The pure islandcrawling, the second half of the novel, is packed with good stuff, much of it good enough and flexible enough that you could pluck it off its islands and land it almost anywhere in a campaign. Several of these sessions foreground one or another player,
perhaps as compensation for the early foregrounding of Caspian and then of Eustace. Lucy - kind of always the DM’s favourite, to be honest - gets her day in the sun with the excellent Dufflepods session, which uses invisible NPCs to great effect and is both funny and deeply spooky, and does a clever job of creating fear in the party without really having a genuine villain. There’s a part where Lucy is creeping down the corridor of Coriakin’s house, heading for the spellbook, and she catches sight of her face in a strange, bearded mirror. Lewis says something beautiful about his not being a magician and therefore not knowing what the mirror is for, and it’s what every DM always wants to say when a player starts grilling them about a random background detail. Lucy’s eventual encounter with the spellbook is good too - the detail about it being possible to turn the pages forward but not back is maybe the first instance of that trope, and the offer of individual power at the price of achieving a party objective is always a fun thing to throw at a party once their dynamic has become a bit too stable. There is too here the not-very-gameable but always-quotable last impression of that spellbook, when its contents fade from Lucy’s memory like a dream:


‘And she never could remember; and ever since that day what Lucy means by a good story is a story which reminds her of the forgotten story in the Magician's Book.’


There are further island excitements: Deathwater Isle, where the water turns everything to gold, is not exploited as much as you might think by the party (mine would dip almost
everything they could find in it and then offload the on some island merchant, spectacularly crashing the economy). Then it gets reeeeal mystical towards the end, and frankly this bit is not very gameable: but it is preceded by a seminar on adventuring philosophy itself, in the incident of the Dark Island. The Dark Island is a giant mass of sea-floating darkness in which nightmares become flesh: along with Charn and Tash, it’s one of the moments Lewis lets himself get gnarly.
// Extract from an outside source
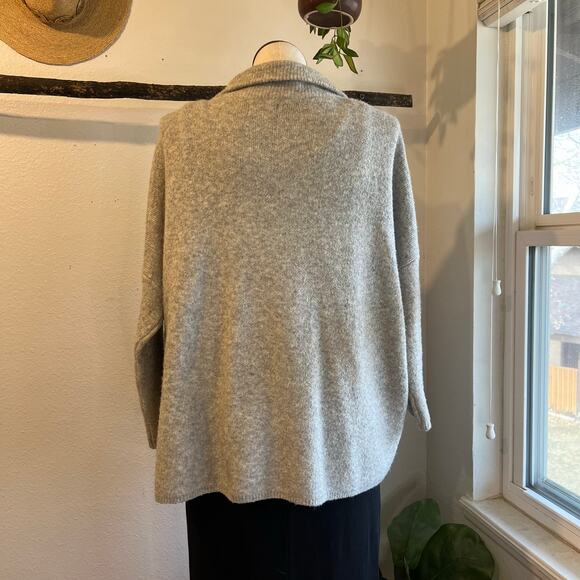 Look By M Gray Knit Soft Oversized Open Style Cardigan Sweater Pockets One Size - Picture 5 of 12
As a child, the fragments of horror the crew experience on it - the scissors, the gongs - used to give me real nightmares. But more relevant to our purposes, when it appears on the horizon, the party has a full on dispute about the point of adventuring. Everyone is all ‘fuck going there,’ and then Reepicheep pipes up:

‘But what manner of use would it be ploughing through that darkness?' asked Drinian.

‘Use?' replied Reepicheep. 'Use, Captain? If you mean by filling our bellies or our purses, I confess it will be no use at all. So far as I know we did not set sail to look for things useful but to seek honour and adventures. And here is as great an adventure as I have ever heard of, and here, if we turn back, no little impeachment of all our honours.’

Don’t try and tell me you have never had this conversation round the table. Don’t be a Drinian. Be a Reepicheep.